━━━━━ Dataset records ━━━━━
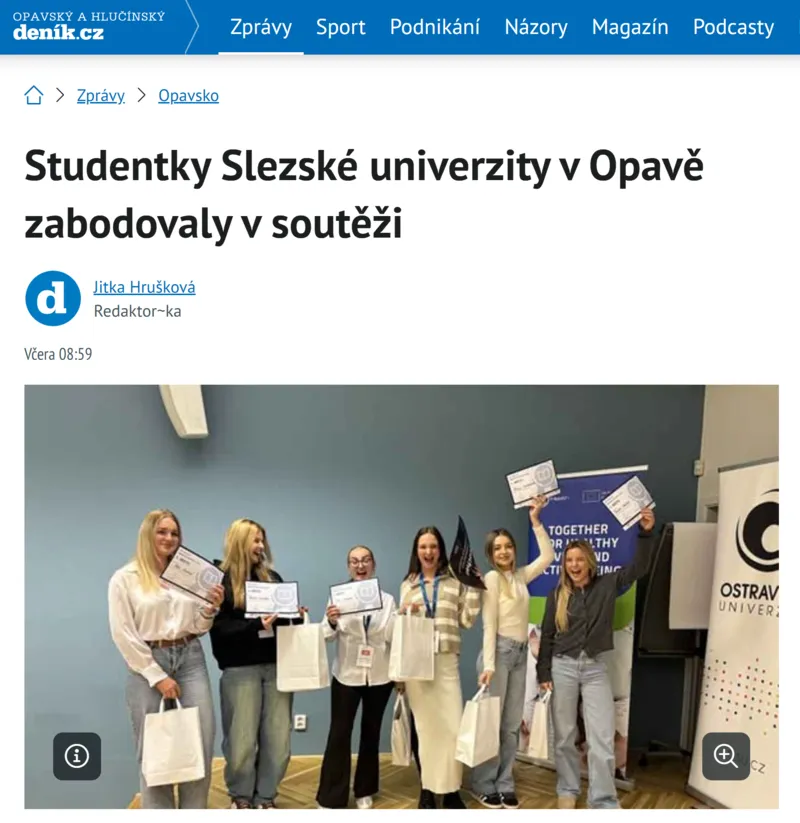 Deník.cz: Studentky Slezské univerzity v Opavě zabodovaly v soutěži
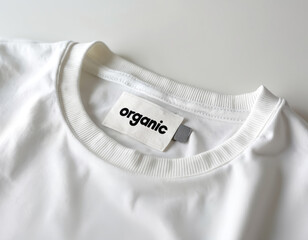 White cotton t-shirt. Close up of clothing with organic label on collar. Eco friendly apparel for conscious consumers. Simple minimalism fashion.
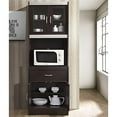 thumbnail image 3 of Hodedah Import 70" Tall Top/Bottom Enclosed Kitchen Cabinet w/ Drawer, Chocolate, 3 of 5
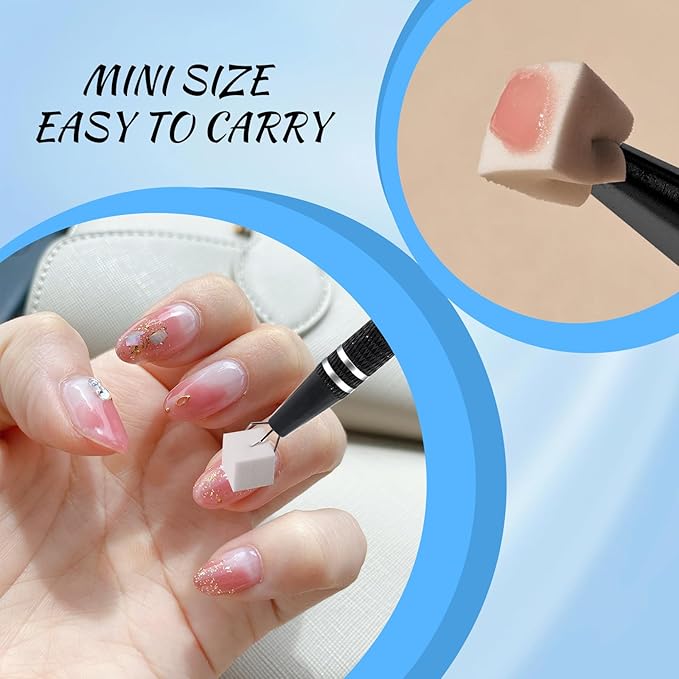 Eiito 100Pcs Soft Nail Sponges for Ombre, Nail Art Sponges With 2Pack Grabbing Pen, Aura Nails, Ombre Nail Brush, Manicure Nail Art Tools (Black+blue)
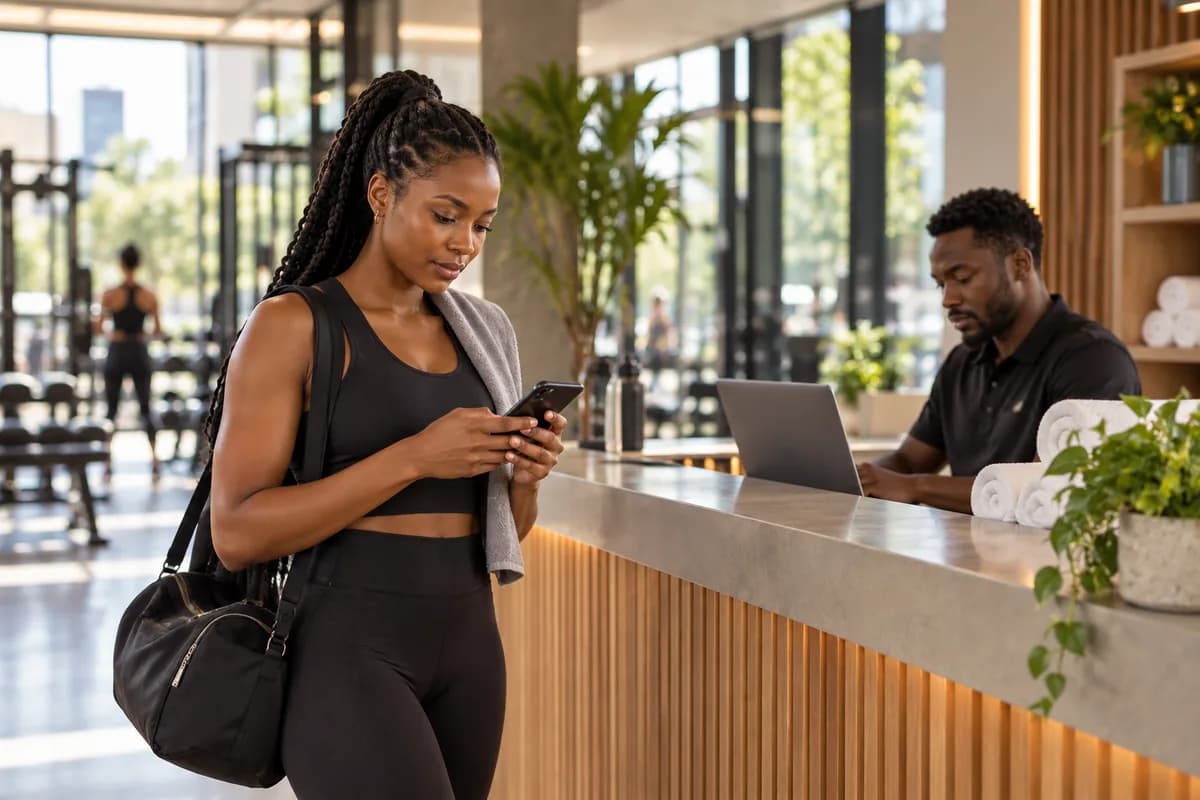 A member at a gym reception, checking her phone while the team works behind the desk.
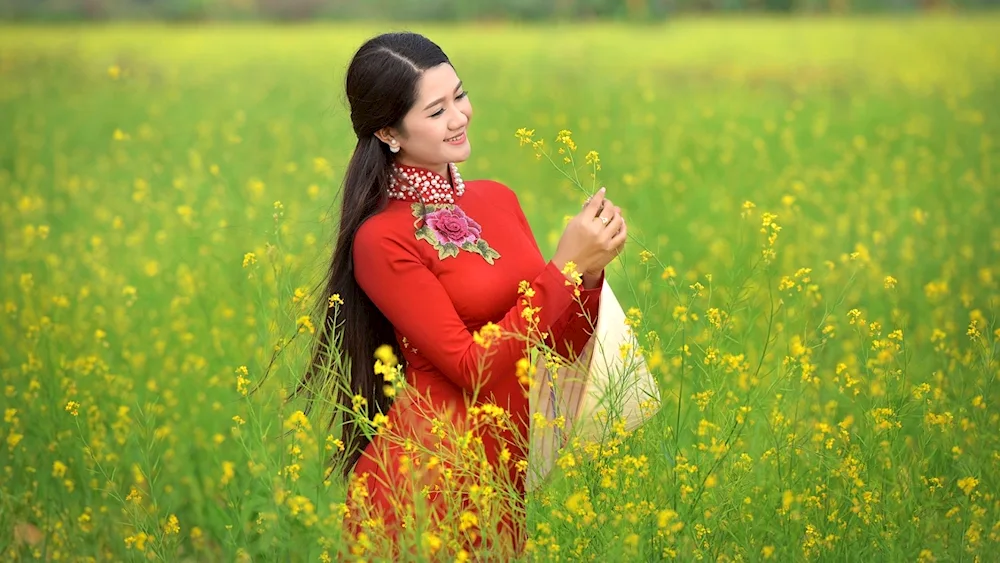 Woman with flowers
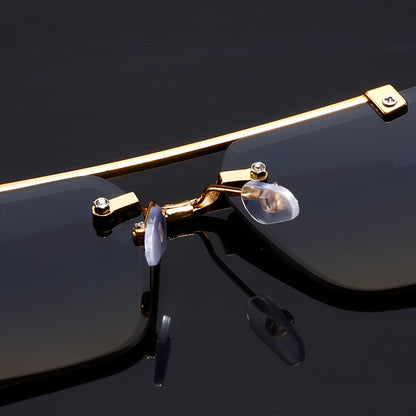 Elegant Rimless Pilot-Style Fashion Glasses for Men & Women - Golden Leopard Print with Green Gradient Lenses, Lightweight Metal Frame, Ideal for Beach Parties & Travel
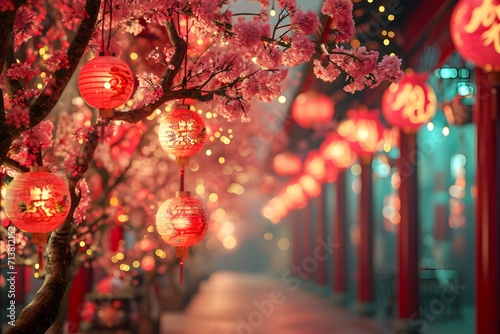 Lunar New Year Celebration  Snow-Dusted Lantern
━━━━━
━━━━━ Dataset records ━━━━━
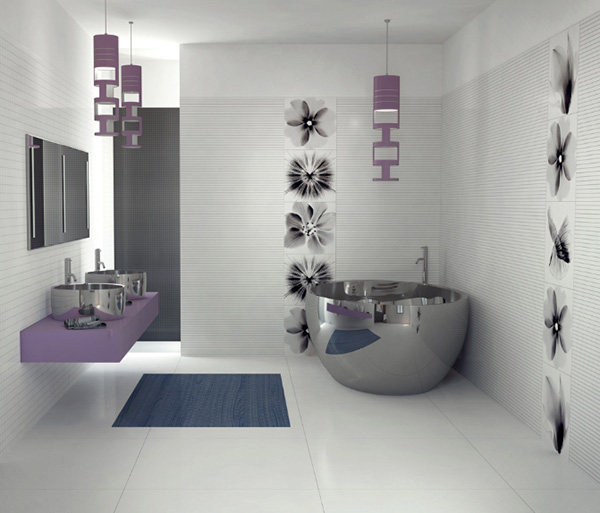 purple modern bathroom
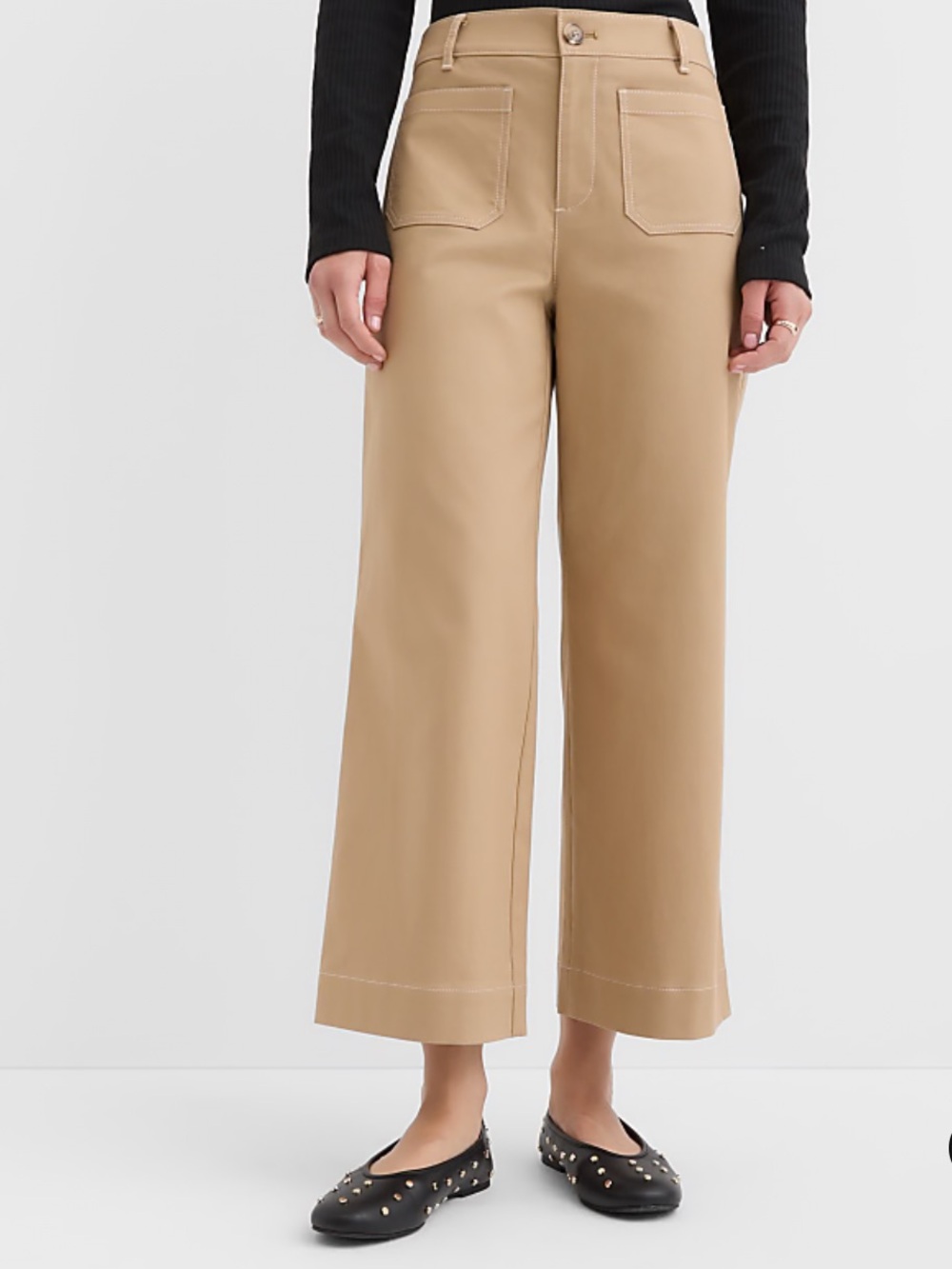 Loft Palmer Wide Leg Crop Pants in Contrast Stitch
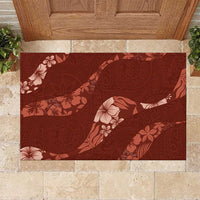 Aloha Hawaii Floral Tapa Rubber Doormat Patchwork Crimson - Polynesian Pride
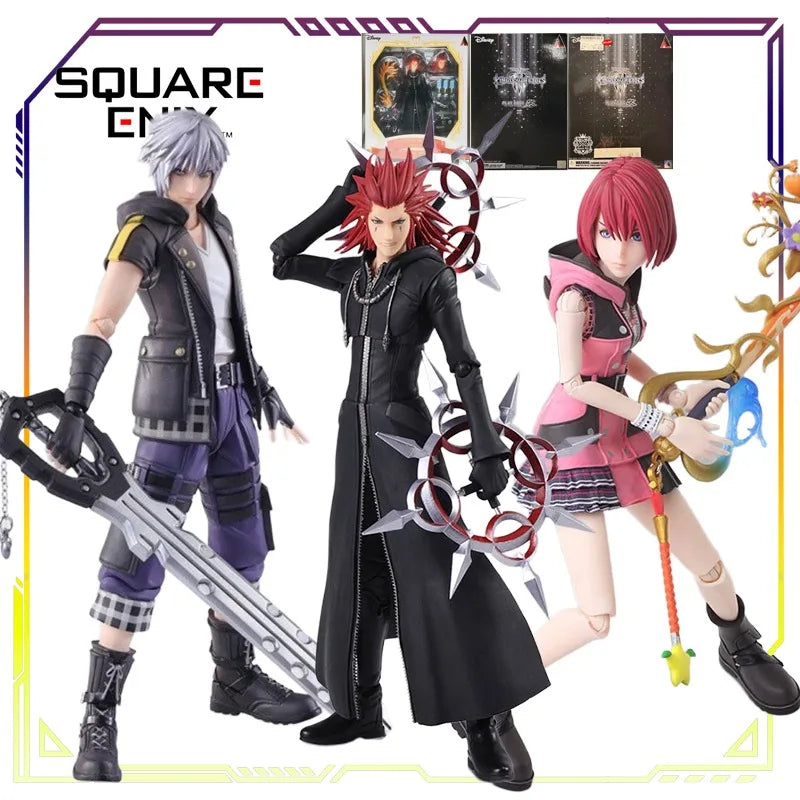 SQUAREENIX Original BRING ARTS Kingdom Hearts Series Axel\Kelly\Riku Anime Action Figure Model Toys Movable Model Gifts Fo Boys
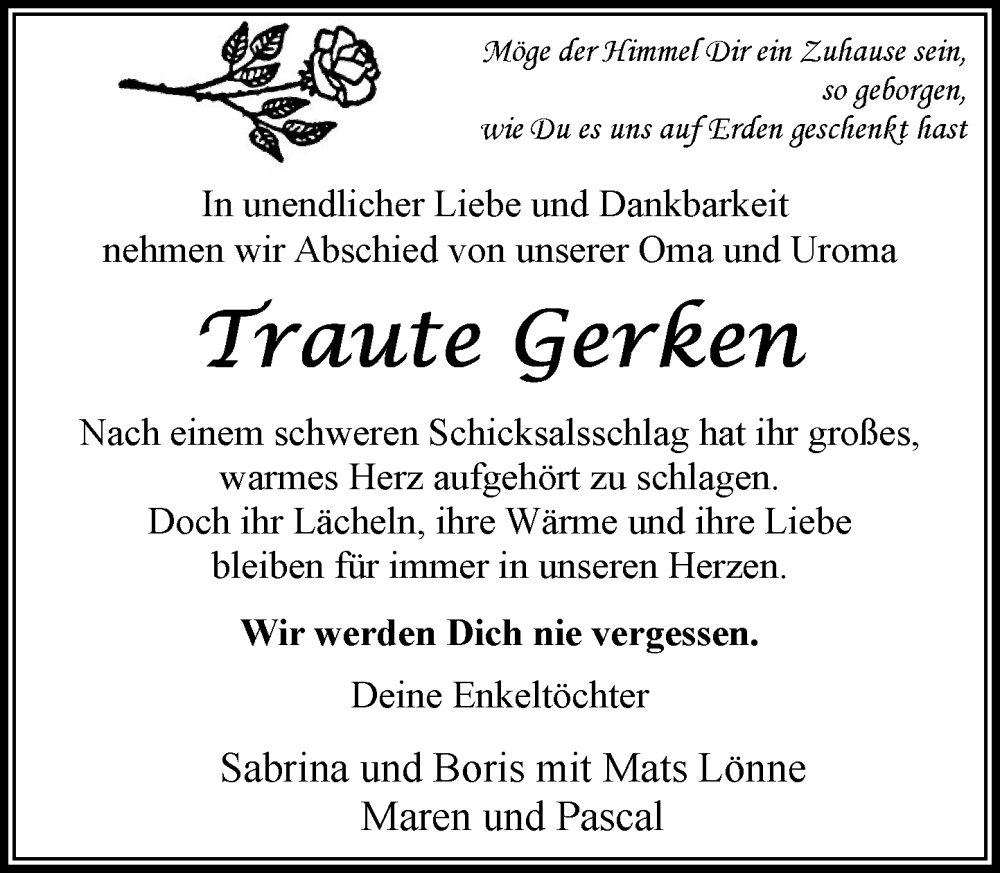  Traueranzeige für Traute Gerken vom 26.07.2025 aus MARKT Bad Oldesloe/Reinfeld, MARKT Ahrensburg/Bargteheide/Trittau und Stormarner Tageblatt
━━━━━
━━━━━ Dataset records ━━━━━
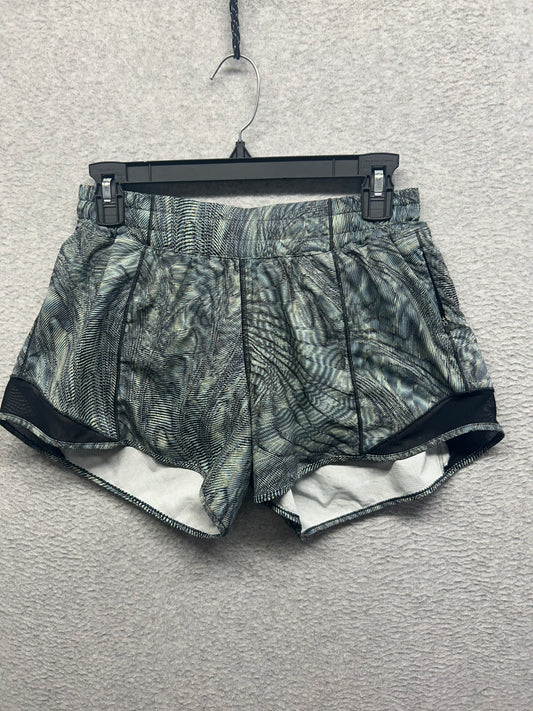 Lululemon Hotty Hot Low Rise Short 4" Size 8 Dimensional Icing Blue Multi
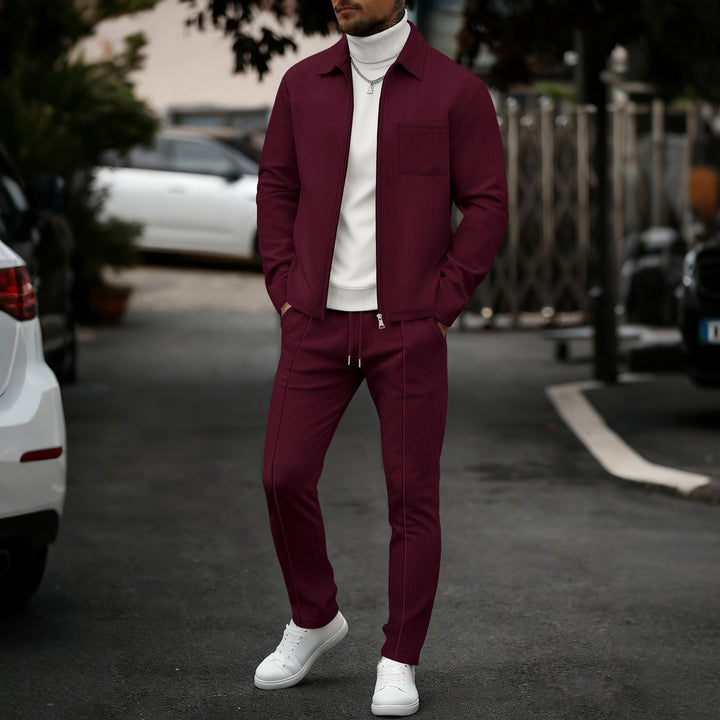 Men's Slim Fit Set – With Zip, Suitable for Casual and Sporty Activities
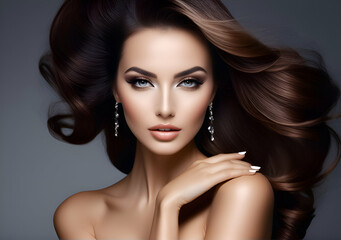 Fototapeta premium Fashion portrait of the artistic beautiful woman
━━━━━
Exercise goal - Above are some records. Output exactly the lines from the one that contains "Deník.cz: Studentky Slezské" to the one that contains "Eiito 100Pcs Soft", keeping both, and omit the pictures.

Output below -
 Deník.cz: Studentky Slezské univerzity v Opavě zabodovaly v soutěži
 White cotton t-shirt. Close up of clothing with organic label on collar. Eco friendly apparel for conscious consumers. Simple minimalism fashion.
 thumbnail image 3 of Hodedah Import 70" Tall Top/Bottom Enclosed Kitchen Cabinet w/ Drawer, Chocolate, 3 of 5
 Eiito 100Pcs Soft Nail Sponges for Ombre, Nail Art Sponges With 2Pack Grabbing Pen, Aura Nails, Ombre Nail Brush, Manicure Nail Art Tools (Black+blue)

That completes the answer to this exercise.